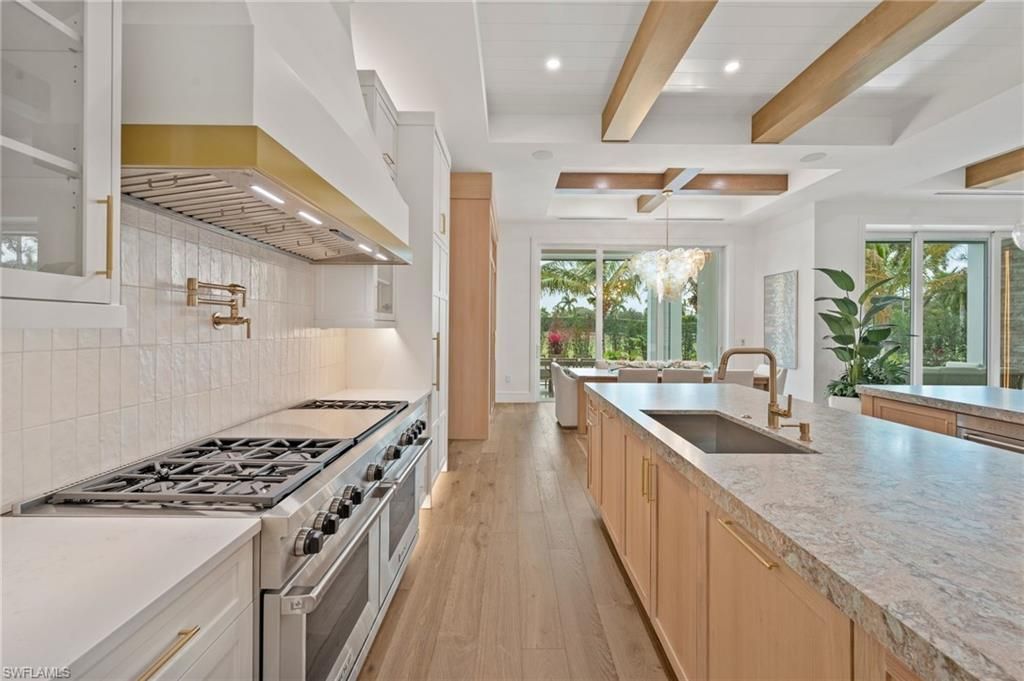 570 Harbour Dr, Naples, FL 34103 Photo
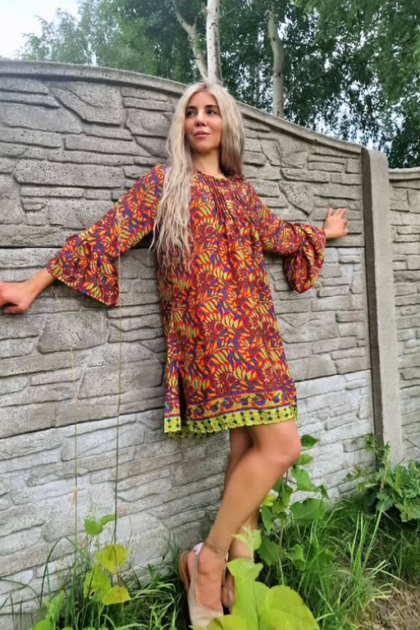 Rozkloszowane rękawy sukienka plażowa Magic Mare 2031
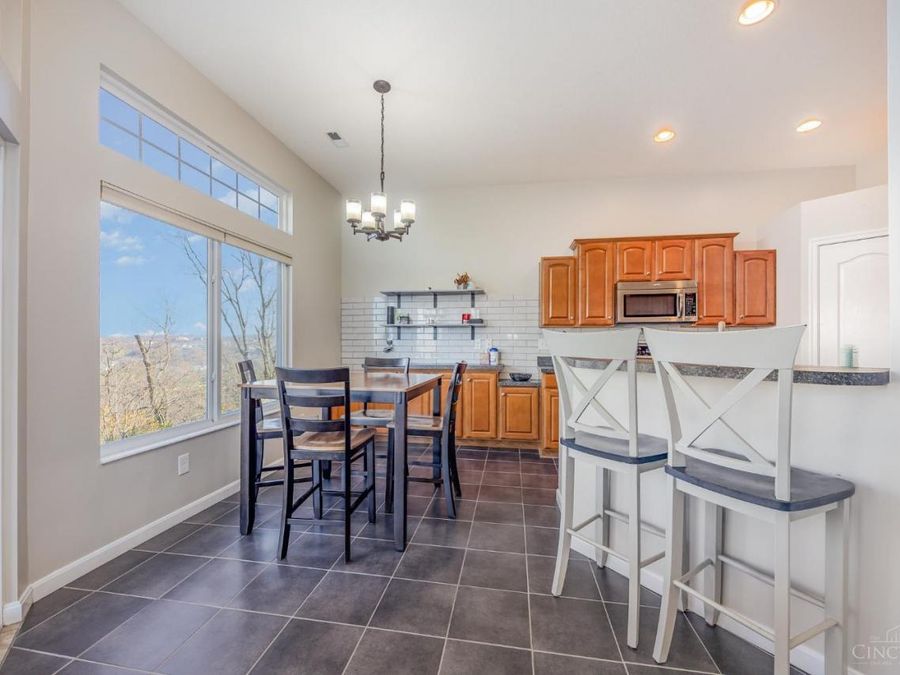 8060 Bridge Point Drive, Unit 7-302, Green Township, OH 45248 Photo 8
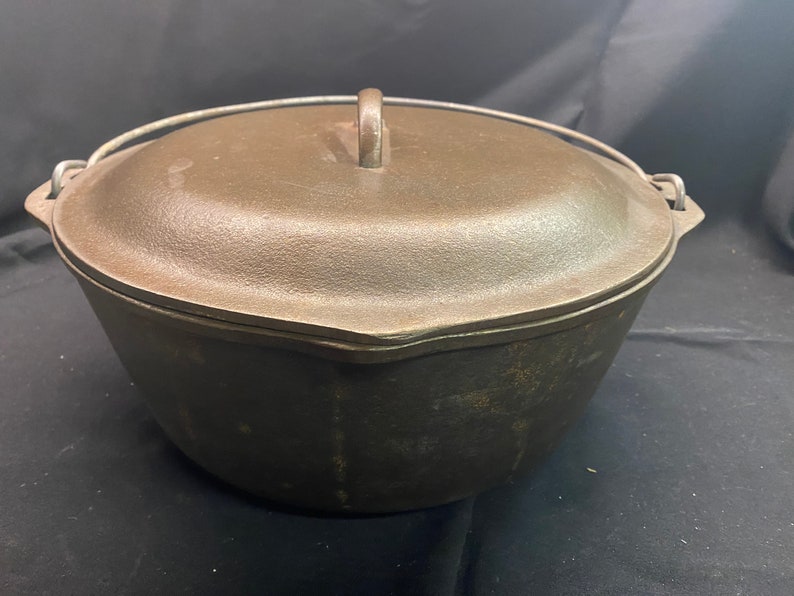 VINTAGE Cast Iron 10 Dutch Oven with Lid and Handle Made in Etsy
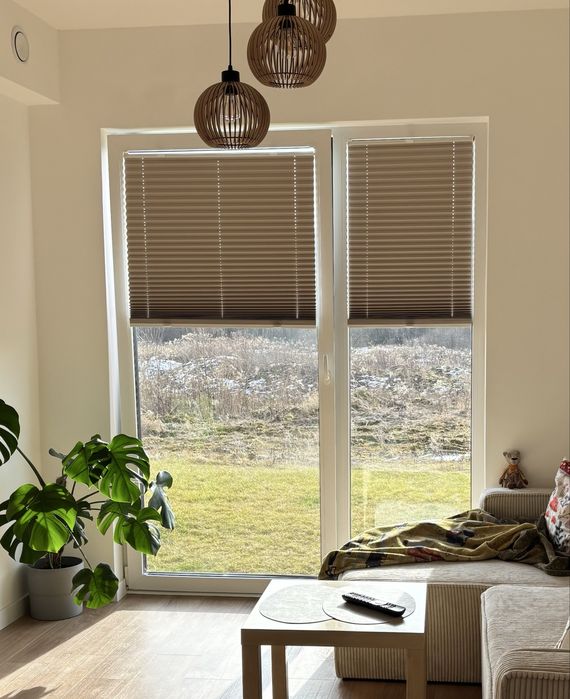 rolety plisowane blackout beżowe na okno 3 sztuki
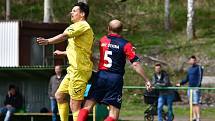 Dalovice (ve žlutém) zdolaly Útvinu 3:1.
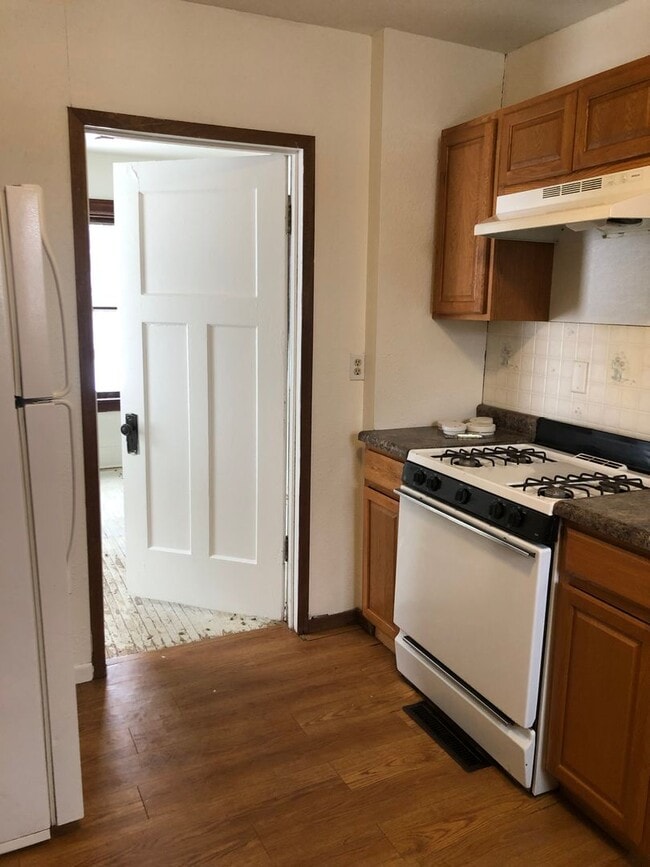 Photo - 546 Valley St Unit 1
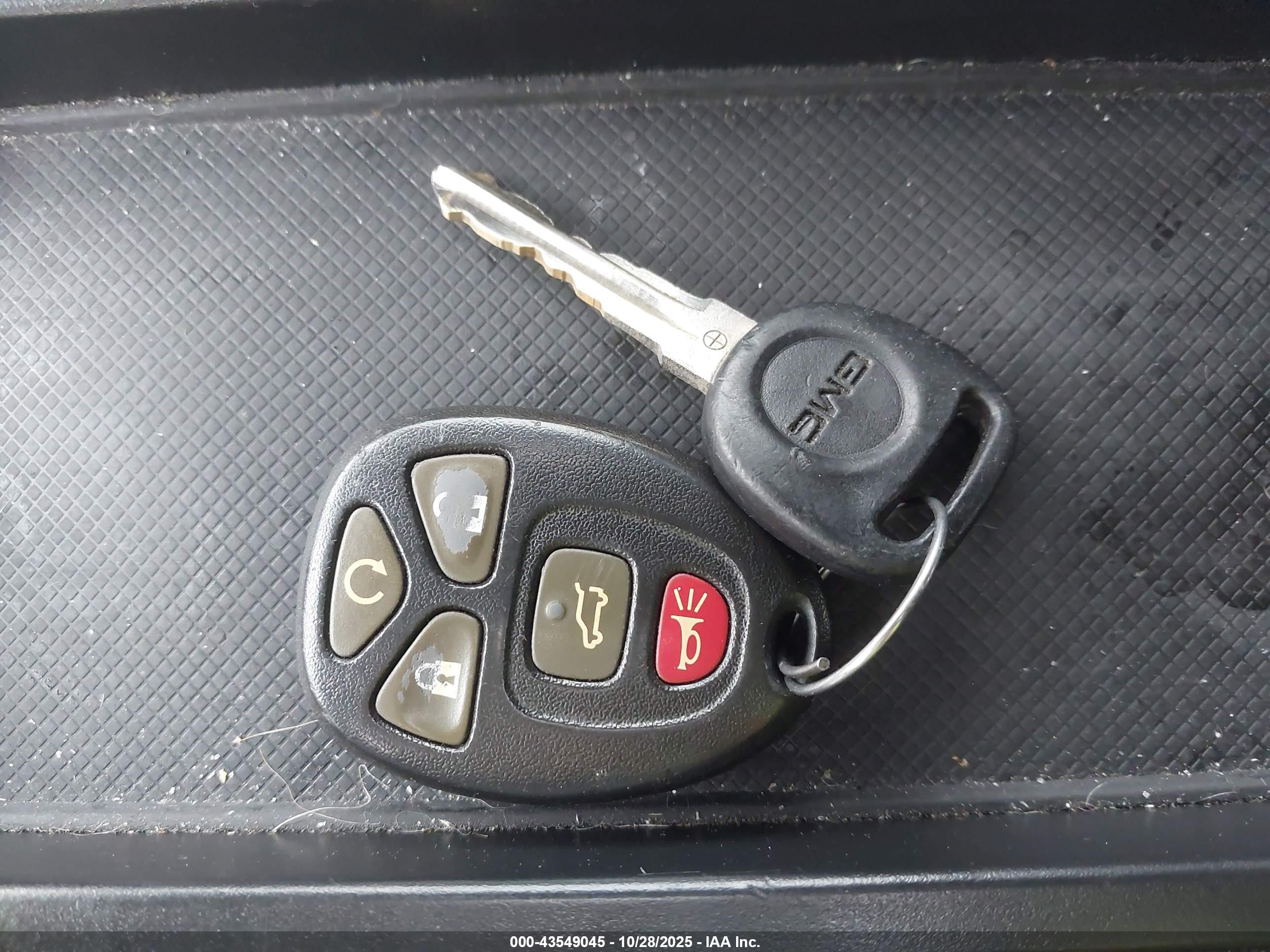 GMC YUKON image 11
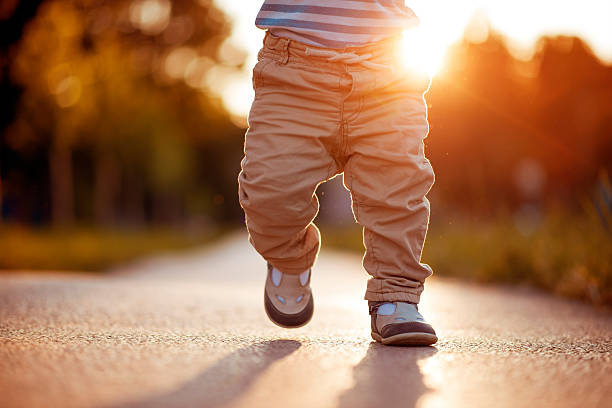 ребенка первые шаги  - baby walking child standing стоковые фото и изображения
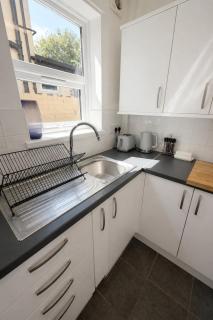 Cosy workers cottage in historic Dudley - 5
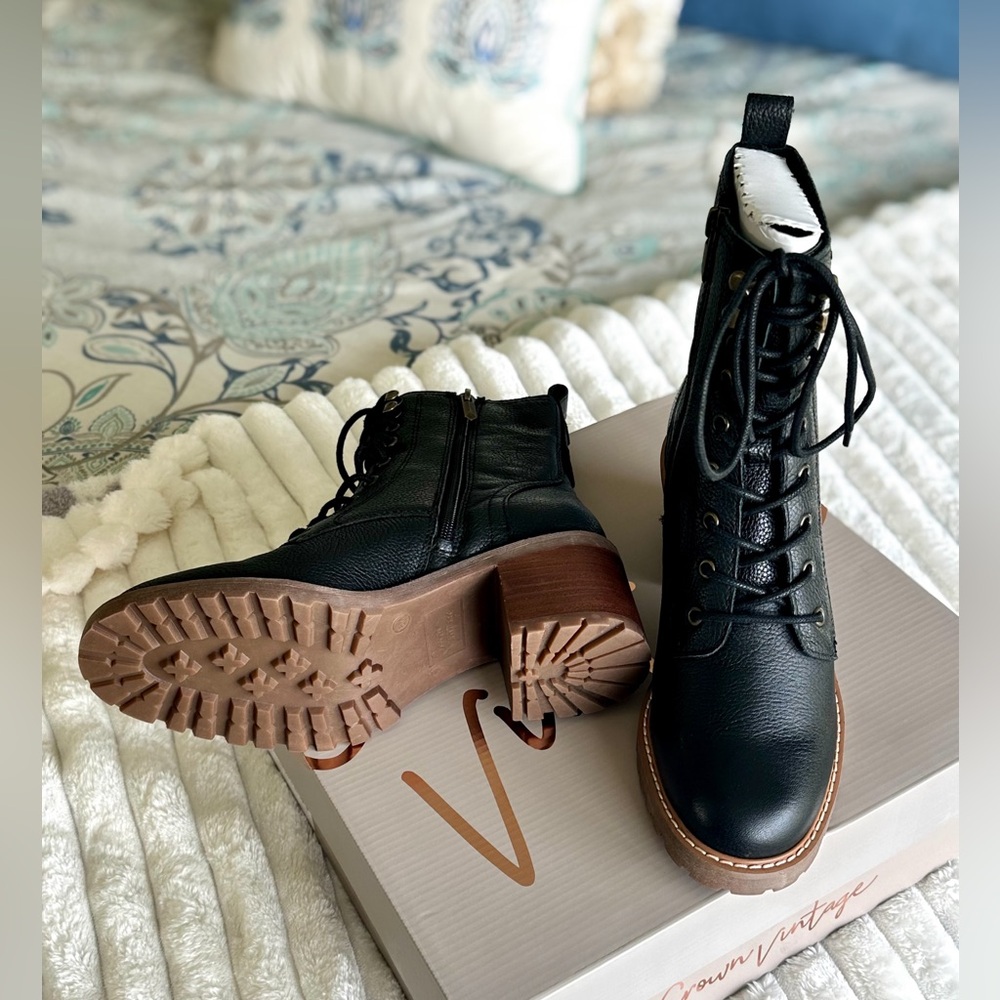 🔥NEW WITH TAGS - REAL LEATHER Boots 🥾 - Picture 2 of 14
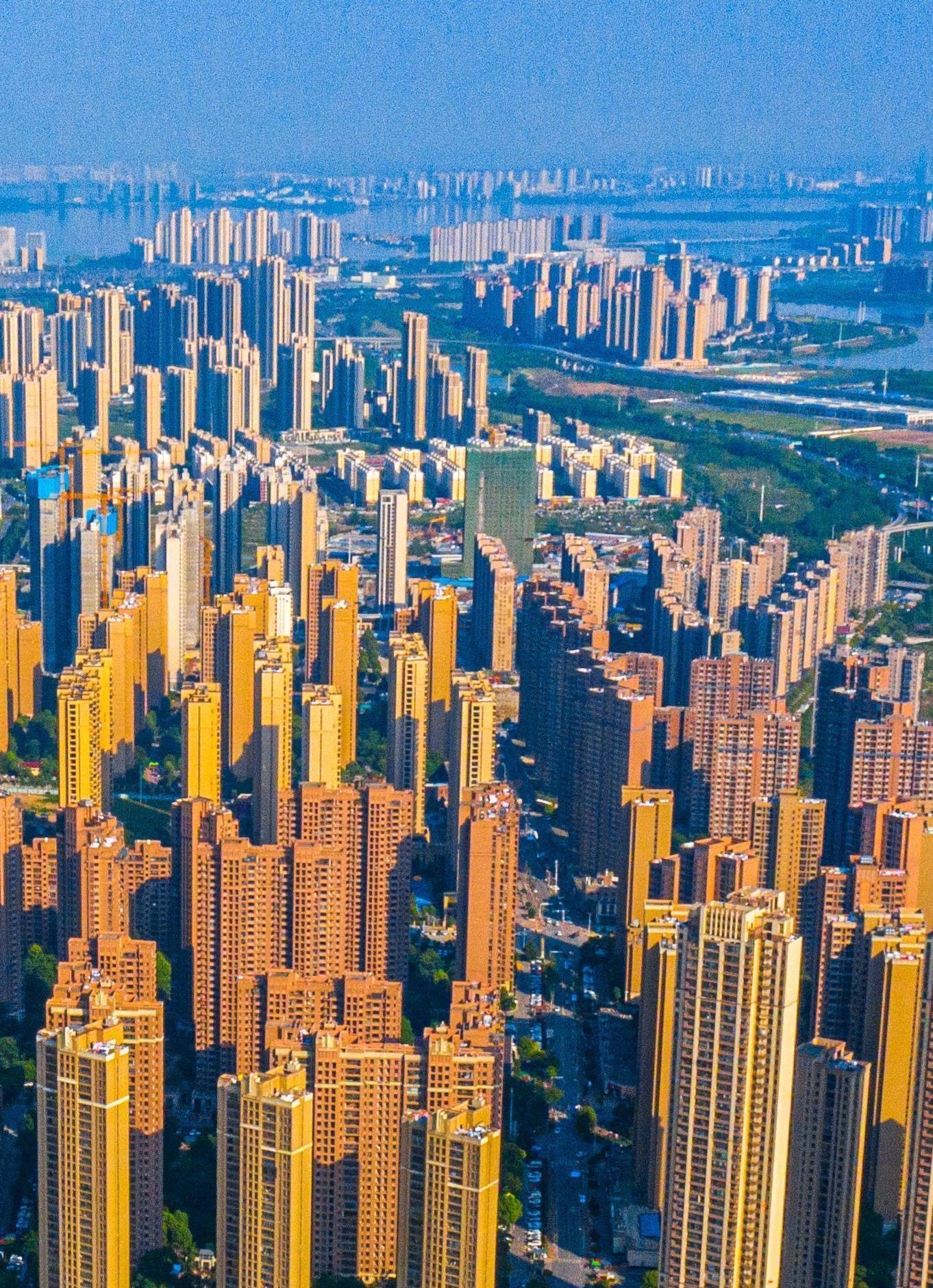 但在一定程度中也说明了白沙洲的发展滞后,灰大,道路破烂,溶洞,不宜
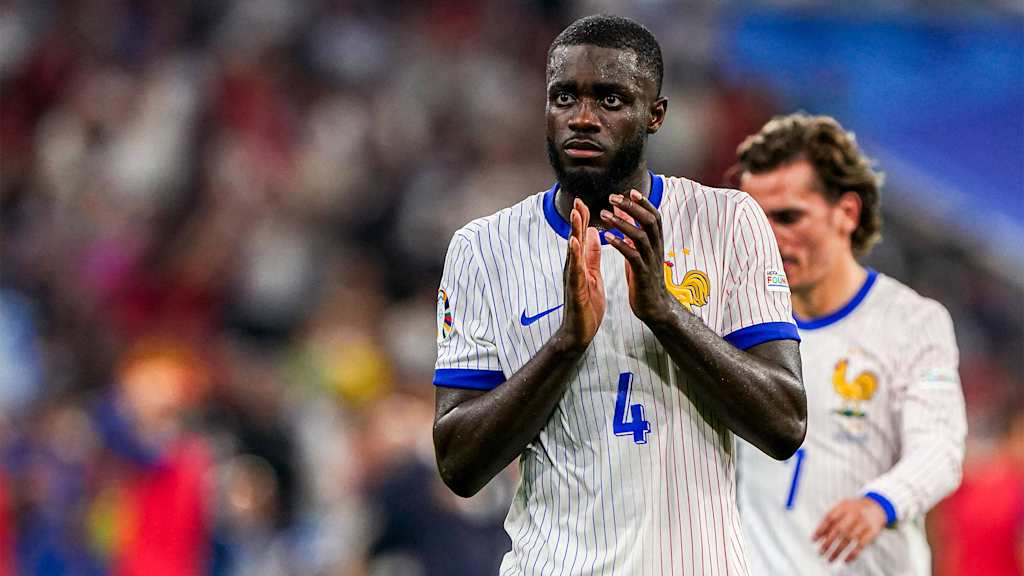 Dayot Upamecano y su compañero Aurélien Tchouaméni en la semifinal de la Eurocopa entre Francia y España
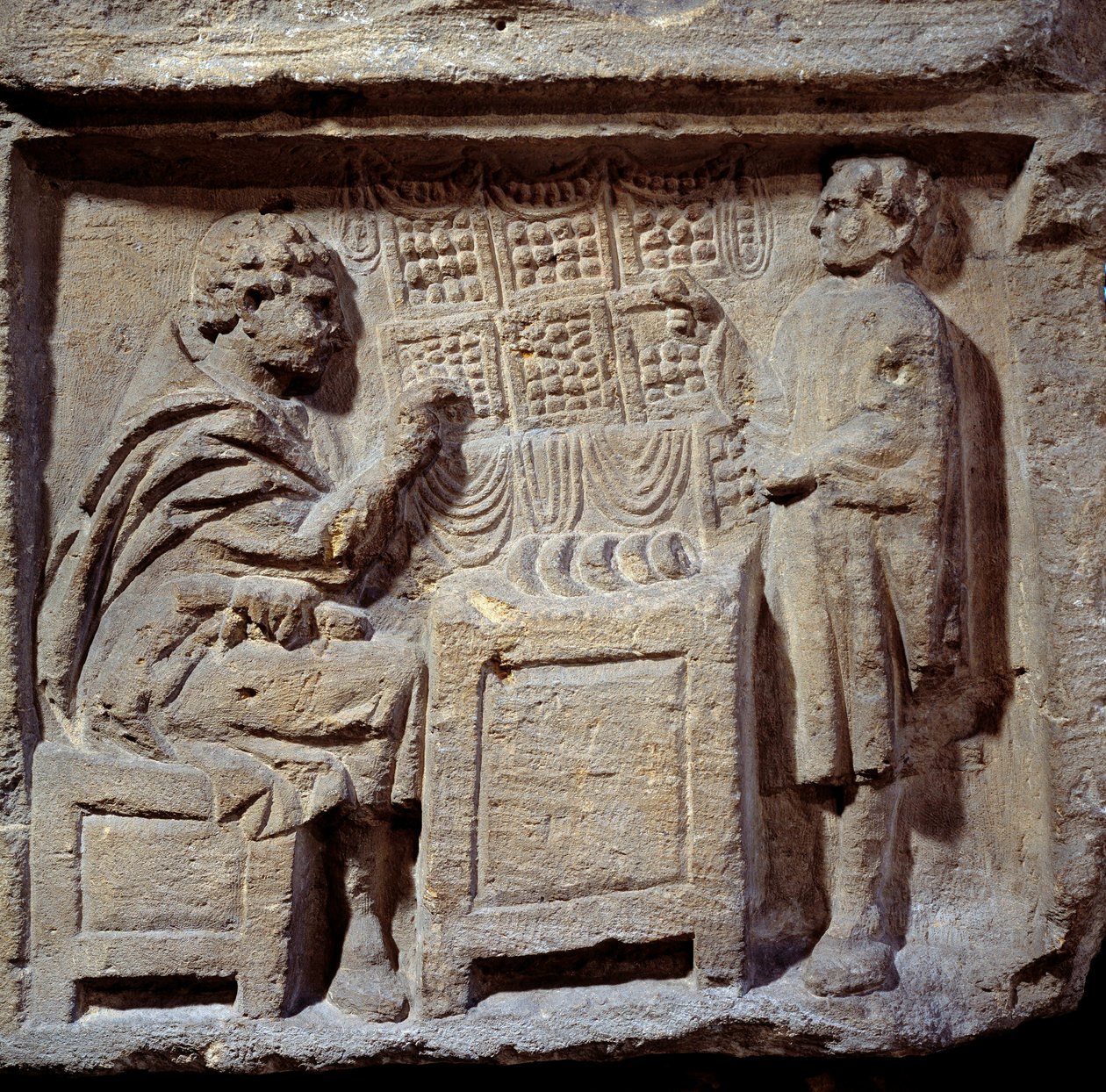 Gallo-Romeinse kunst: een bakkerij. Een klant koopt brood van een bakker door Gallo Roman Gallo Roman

* * *

= DIRECTIONS =
Begin with the line that has "ребенка первые шаги" and continue to the last line of the entries, printing each line exactly and nothing else; include both ends and skip the pictures.

= ANSWER TO THIS TASK =
 ребенка первые шаги  - baby walking child standing стоковые фото и изображения
 Cosy workers cottage in historic Dudley - 5
 🔥NEW WITH TAGS - REAL LEATHER Boots 🥾 - Picture 2 of 14
 但在一定程度中也说明了白沙洲的发展滞后,灰大,道路破烂,溶洞,不宜
 Dayot Upamecano y su compañero Aurélien Tchouaméni en la semifinal de la Eurocopa entre Francia y España
 Gallo-Romeinse kunst: een bakkerij. Een klant koopt brood van een bakker door Gallo Roman Gallo Roman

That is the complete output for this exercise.